Records to use below:
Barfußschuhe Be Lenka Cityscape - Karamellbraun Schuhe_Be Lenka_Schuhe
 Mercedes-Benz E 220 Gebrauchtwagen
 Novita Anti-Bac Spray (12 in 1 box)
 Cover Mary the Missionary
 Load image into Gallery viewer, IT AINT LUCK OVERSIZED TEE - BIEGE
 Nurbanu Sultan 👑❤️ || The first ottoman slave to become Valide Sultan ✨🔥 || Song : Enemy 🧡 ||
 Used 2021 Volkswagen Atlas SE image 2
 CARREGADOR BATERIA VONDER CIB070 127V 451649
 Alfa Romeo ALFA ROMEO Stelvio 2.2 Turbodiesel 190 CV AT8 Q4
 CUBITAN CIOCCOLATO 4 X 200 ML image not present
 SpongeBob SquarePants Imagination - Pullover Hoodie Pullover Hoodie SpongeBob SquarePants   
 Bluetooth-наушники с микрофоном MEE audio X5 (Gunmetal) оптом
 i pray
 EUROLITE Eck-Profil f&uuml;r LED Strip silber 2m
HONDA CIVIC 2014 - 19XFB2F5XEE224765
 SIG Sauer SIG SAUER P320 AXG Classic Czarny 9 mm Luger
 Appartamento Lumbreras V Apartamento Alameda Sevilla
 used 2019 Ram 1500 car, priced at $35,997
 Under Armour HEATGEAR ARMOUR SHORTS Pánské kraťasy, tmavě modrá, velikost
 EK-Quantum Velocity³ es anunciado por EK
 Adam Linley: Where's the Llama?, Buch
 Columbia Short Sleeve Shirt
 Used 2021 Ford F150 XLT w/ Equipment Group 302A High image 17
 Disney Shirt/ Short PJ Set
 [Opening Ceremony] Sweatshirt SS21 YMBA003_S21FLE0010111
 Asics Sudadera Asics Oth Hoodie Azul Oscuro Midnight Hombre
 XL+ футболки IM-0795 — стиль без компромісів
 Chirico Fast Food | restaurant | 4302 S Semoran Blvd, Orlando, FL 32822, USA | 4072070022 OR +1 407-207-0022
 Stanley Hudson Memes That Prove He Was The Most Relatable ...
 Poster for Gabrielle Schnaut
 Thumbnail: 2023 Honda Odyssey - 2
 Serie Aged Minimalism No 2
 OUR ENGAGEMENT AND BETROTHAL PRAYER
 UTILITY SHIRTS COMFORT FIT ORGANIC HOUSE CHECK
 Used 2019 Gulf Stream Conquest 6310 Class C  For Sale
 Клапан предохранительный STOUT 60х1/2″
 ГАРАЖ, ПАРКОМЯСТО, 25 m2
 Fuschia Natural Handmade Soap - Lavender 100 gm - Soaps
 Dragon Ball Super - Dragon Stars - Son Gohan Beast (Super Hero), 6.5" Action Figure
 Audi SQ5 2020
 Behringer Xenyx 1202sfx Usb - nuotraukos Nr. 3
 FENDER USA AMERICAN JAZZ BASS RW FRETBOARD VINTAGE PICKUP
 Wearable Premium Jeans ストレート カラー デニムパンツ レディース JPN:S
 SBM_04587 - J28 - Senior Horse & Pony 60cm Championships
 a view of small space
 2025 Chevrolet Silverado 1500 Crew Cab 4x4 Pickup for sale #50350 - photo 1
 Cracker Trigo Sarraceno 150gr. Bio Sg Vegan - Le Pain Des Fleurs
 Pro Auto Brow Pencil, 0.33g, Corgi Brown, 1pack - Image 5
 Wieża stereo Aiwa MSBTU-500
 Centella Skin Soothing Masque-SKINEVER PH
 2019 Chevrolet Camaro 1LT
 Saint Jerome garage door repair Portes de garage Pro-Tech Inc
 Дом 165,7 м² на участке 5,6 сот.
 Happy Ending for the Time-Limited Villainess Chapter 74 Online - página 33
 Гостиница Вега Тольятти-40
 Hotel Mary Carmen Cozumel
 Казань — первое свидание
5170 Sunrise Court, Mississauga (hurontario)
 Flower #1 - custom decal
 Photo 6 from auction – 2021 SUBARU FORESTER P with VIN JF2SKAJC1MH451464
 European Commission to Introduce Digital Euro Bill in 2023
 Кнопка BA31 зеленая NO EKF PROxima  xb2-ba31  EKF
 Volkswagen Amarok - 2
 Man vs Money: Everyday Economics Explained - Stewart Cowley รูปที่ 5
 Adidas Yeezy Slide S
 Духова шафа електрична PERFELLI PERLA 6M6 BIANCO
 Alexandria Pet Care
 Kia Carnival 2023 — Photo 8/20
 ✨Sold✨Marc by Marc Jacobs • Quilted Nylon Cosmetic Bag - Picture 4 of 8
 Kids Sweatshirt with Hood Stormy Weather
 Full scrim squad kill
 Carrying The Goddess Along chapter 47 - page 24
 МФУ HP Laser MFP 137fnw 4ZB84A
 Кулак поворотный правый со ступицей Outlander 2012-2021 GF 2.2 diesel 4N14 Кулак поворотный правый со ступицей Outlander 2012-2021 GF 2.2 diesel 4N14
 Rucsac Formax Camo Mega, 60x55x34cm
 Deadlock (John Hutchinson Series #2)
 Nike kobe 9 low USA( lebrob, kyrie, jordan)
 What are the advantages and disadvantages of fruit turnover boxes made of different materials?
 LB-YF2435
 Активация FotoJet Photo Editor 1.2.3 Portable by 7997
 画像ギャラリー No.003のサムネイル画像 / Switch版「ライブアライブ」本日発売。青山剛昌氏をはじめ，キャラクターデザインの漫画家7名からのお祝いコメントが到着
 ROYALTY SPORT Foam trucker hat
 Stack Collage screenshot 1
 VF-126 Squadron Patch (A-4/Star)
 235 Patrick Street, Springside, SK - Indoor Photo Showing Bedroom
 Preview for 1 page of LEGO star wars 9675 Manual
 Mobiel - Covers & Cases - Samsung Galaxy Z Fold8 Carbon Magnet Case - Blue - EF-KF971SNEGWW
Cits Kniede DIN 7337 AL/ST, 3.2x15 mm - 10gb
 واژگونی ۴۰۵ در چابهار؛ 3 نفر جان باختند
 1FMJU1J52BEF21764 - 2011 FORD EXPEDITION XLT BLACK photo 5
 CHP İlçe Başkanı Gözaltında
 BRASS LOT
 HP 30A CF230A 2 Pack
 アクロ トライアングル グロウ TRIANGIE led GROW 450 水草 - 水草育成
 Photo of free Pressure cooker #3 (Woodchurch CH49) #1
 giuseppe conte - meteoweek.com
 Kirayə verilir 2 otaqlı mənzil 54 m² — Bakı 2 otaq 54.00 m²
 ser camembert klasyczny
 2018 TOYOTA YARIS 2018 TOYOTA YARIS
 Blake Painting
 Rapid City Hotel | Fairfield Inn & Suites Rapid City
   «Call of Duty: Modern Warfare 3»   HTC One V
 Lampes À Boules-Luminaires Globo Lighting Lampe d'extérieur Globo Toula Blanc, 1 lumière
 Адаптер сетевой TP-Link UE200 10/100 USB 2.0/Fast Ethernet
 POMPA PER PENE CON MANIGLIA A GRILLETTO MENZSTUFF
End of Records to use.
▸ **Task goal**: Each line above that has the word "Hotel" must be copied.

▸ **Exercise output**:
 Hotel Mary Carmen Cozumel
 Rapid City Hotel | Fairfield Inn & Suites Rapid City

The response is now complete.